Dollar’s Slide Gives Rise to Calls for New Reserve
By Frank Ahrens
Washington Post Staff Writer
Wednesday, October 7, 2009
The U.S. dollar continued its six-month slide Tuesday amid a growing international chorus that wants the dollar replaced — or at least supplemented — as the world’s reserve currency, a move that would end the greenback’s six decades of global dominance.
The dollar has come under attack from abroad as the economic crisis has played out, thanks to the Federal Reserve’s decision to flood a seized-up financial system with liquidity last fall. The central bank’s moves likely staved off deflation, but the massive influx of new dollars has devalued existing ones. Foreign nations are worried that the massive U.S. national debt and rising deficits are not being addressed. And though inflation is not yet a concern in the United States, a prolonged slide in the dollar’s value could lead to higher prices for consumers.
Further, large emerging economies — such as China, Russia, Brazil and India — are tired of kow-towing to the American buck, and sense an opportunity to knock a weakened dollar off its imperial perch.
“The U.S. dollar is headed for also-ran status, and it will continue to lose its value against many other currencies and assets,” Miller Tabak equity strategist Peter Boockvar said. “The rest of the world wants the U.S. dollar to lose influence, but no one wants it to be abrupt, as it’s in no one’s interest. An evolutionary process is what is wanted.”
The question is: When will that happen?
“In the next two to three years, it is highly unlikely to see the dollar replaced,” said Eswar Prasad, an economics professor at Cornell University and a senior fellow at the Brookings Institution in Washington. “Over the next decade, though, we would expect to see other currencies play a much more significant role.”
The dollar fell to nearly its lowest point of the year against the yen and euro on Tuesday, which sent the price of gold surging to a record intraday high above $1,045 per ounce, as investors sought a hedge against inflation and foreign nations continued to stockpile the precious metal.
For the American consumer, a falling dollar means U.S. exports sell better overseas, which can lead to more jobs here. But it also means imports costs more, which means higher prices at U.S. stores.
“For the average Joe, the implications of a crisis of confidence in the dollar could end up in higher borrowing costs, lower government expenditures — so that means reduced services — and higher taxes,” Prasad said. “Most likely, some combination of all of the above.”
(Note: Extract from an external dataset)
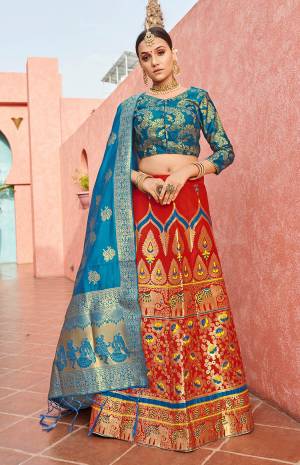 Attrective Look This Heavy Designer Lehenga Choli In Fine Color. This Stylist Designer Wevon Work Lehenga Choli And Dupatta Is Banarasi Silk Based Fabric. It Is Beautified With Lovely Attractive Look.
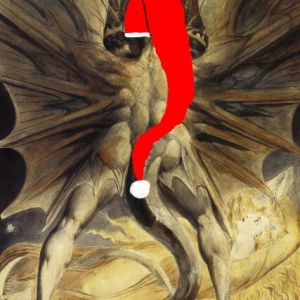 William Blake's "Der große, rote Weihnachtsmann und die mit der Sonne bekleidete Frau"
Stocks, which typically move opposite of the dollar, staged a strong rally on Tuesday, continuing their fast Monday start. The Dow Jones industrial average and the broader Standard & Poor’s 500-stock index both gained 1.4 percent, while the tech-heavy Nasdaq surged 1.7 percent.
The U.S. dollar has been the world’s reserve currency since World War II. Central banks and financial institutions in other nations hold dollars to pay off foreign obligations, or to influence their currency’s exchange rate. Commodities, such as oil, are priced in dollars, which spreads the dollar’s influence around the world.
But the dollar’s dominance is being challenged, thanks to the crisis.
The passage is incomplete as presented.